“So then, with endurance, let’s also run the race that is laid out in front of us, since we have such a great cloud of witnesses surrounding us. Let’s throw off any extra baggage, get rid of the sin that trips us up, and fix our eyes on Jesus, faith’s pioneer and perfecter.” – Hebrews 12:1-2, Common English Bible
Last week I thought a lot about clothing as I prepared to preach on Colossians chapter 3 and the invitation to be clothed with Christ. This week, the image I’m pondering is luggage and baggage and its spiritual application.
Many people I know right now are in the process of moving. A college friend, my sibling and their family, my daughter’s godmother, and my best friend. Many of them are having to move themselves and ponder what they are taking and what they leave behind or give away. What goes in storage, what fits in your car. One friend had a car weighted so down with books that it caused the tire pressure to drop as they began their journey.

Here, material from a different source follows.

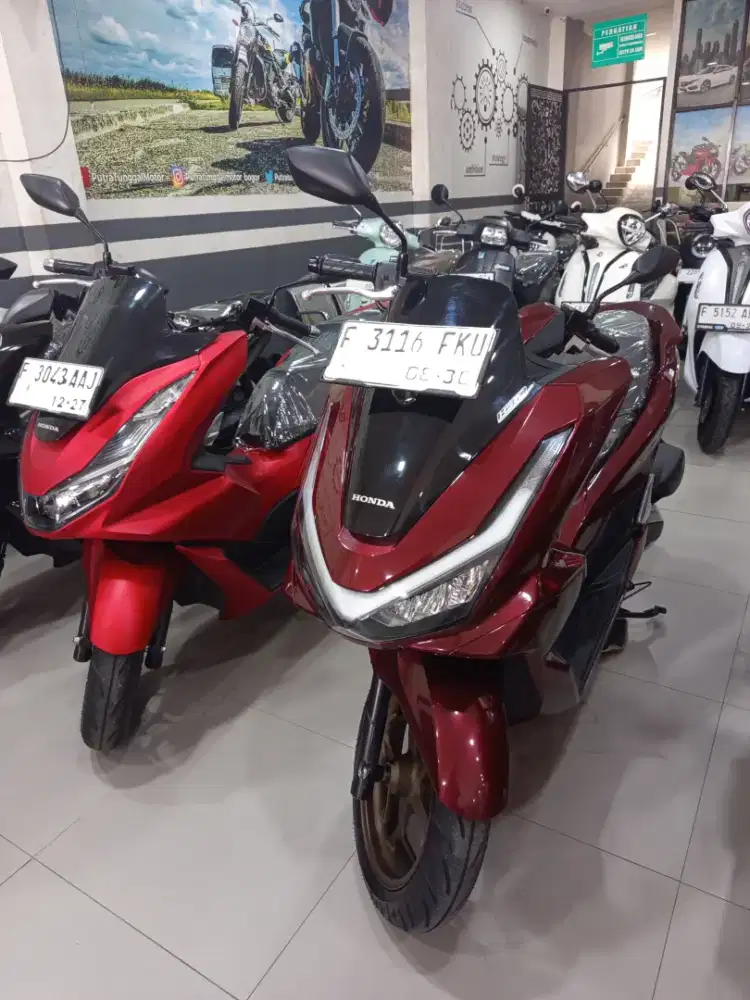 All new PCX 160 abs road sink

I’ve also recently read a few travel articles about what you can and cannot take in your carry-on or checked luggage, as many people are in the midst of end-of-summer travels and my mom is trying to travel to see an elderly relative overseas. In my searching, I discovered the TSA website has 49 pages of items on their prohibited list, with the extra caveat that even if some things are allowed, they might not be recommended or might get you an extra security screening. I had fun reading the list and thinking about all the people who prompted the making of this list. I learned that you could bring a wedding dress and deer antlers in your carry-on luggage, but a cricket bat and snow spikes should be in your checked baggage. In case you wondered, “artificial skeleton bones” are allowed in carry-on and checked baggage, while a live lobster can be in your checked bag.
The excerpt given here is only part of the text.